From an environmental justice perspective, the conventional transportation and emissions model based methods are not particularly good for dealing with either type of effect. Ground-level effects are analyzed using hot spot or micro-scale techniques that relate vehicle activity levels at roadway intersections with readings at pollution measurement receptor sites. While the models are fairly accurate at creating this linkage between activity and receptor reading, they are not able to project what concentrations are or will be in non-receptor areas, e.g., along sidewalks or inside neighborhoods. And for the measurement of atmospheric pollutants, the standard regional air quality models used for transportation conformity cannot distinguish whether concentrations are greater in some areas than others. Hence, the ability of standard tools and data to tie transportation activity to pollution concentrations in particular geographic areas–i.e., those with EJ populations–is much challenged. This obviously compromises the second element in the analysis chain, linking transportation activity with health, even though the link between pollution concentrations and health has been well demonstrated.
An interesting solution to this may be the application of the “pollution surface” concept, introduced as the fourth method in Chapter 3 of Report 532.In this approach, conventional transportation and emissions models are used to estimate emissions based on roadway geometry, traffic volumes and vehicle fleet emissions characteristics. Transportation activity is then linked to pollution concentrations as measured through receptors, spatially distributed in such a manner as to record emissions concentrations by time period over a broad sample of receptor sites. Statistical methods are then used to predict pollution levels across this defined “surface” by fitting regression models to observations at monitoring sites with known values for predictor variables such as land use, population, and vehicle miles traveled. Creation of this pollution surface makes it possible to estimate pollution concentrations and duration in particular geographic areas, which makes this a very encouraging approach for evaluating exposure for EJ populations.

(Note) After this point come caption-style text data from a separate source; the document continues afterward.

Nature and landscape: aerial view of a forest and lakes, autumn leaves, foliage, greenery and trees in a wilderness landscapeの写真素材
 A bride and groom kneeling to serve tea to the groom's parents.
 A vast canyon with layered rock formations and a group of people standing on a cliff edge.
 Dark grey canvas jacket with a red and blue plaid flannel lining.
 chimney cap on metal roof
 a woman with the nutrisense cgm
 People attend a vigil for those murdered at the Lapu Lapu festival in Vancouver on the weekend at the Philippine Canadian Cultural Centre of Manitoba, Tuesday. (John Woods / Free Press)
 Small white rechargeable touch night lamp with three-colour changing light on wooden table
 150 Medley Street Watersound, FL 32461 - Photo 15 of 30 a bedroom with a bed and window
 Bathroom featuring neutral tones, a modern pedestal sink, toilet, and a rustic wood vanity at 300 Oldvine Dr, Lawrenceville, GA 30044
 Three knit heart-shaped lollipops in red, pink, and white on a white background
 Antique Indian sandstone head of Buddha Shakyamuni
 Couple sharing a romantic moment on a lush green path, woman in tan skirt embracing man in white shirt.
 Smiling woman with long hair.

Report 532 introduces a prototype model known as MEASURE (Mobile Emission Assessment System for Urban and Regional Evaluation), developed by the Georgia Institute of Technology with support from the EPA and FHWA, as a working example of a pollution surface approach.The MEASURE model operates in a GIS framework, which allows it to not only produce more accurate estimates of emissions than conventional MOBILE6 approaches, but also provide better spatial and temporal resolution of the emissions and be sensitive to how transportation system changes can affect emissions rates. Because pollutionmonitoring networks are typically sparse, Report 532 advises that a larger monitoring network and a larger number of samples over time will yield a more accurate model.